Now the external auditor, PKF Littlejohn LLP, based in London, is looking at Northiam Council following two separate complaints. One is from Penny Farmer, which is challenging the whole way the council is managing its budget and whether certain earmarked funds, such as for a sewer outlet, are being raided, and whether the parish could run out of money.

Ben Dallimore on holiday

Another is from Ben Dallimore, another former councillor, about how money has been promised to Wealden Traditional Construction Ltd for the design plans of the new Football Pavilion to be claimed back from S106 ( money given by builders Persimmon )held by Rother DC. The contract to build the new pavilion will be worth £300,000.

Now the main employee of this company is local villager John Cusden, who plays for Northiam Football Club. His application was supported by retired architect, Julian Luckett and Pete Sargent. Companies House records show that his own company, Wealden Design and Build Limited has just gone bust and is in the hands of a liquidator. The new company is registered at the same address in Rye that the old company recently moved to. It has one new director, Charles Dawson, but its website praises the work of John Cusden over the last 10 years when he was director of the bust company.

A letter from the external auditor has now raised 11 procedural issues that led to the granting of the money which the council must answer.

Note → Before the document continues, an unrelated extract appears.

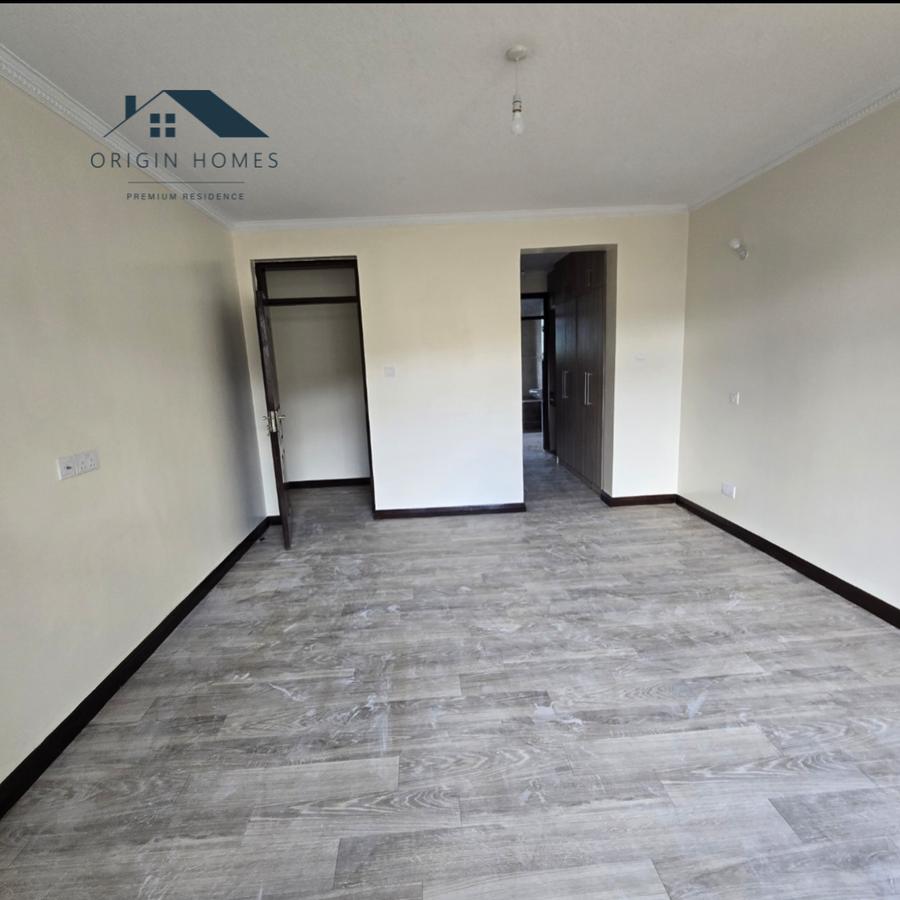 3 Bed Apartment with En Suite at Lavington - 15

It also discloses that the external auditors may have received more than two complaints.

Mr Dallimore is now facing the same treatment as meted out to Jon Streatfeild. He has been recording council meetings and did some filming after one was held in private. The council are now discussing with Rother District Council whether they can impose restrictions on his activities by imposing the equivalent of an adult ASBO.

Mr Sargent did not want to comment on these complaints. His case is that he is the victim of harassment not the other councillors. The only evidence we could find about this is that someone scratched on the council office that it was ” The Bank of Pete Sargent” – of which there is no evidence that he has ever taken money for himself.

We have done this long special report to illustrate what has happened to local government at parish pump level now there is no official scrutiny by national bodies and local media has disappeared in this part of East Sussex. The irony is the lack of scrutiny has led to people putting too much on the internet so there are a wealth of documents to stand up exactly what has been going on in Northiam.

Michael Gove has left the new Labour government plans to revive a smaller version of the Audit Commission to regulate local government again. The new government need to act not only to police the growing number of technical bankruptcies in big local councils but to ensure that smaller bodies don’t end up being run by cliques helping each other out. The police and bigger authorities are obviously not up to the job and the NAO has much bigger fish to fry in policing waste and dodgy deals in Whitehall.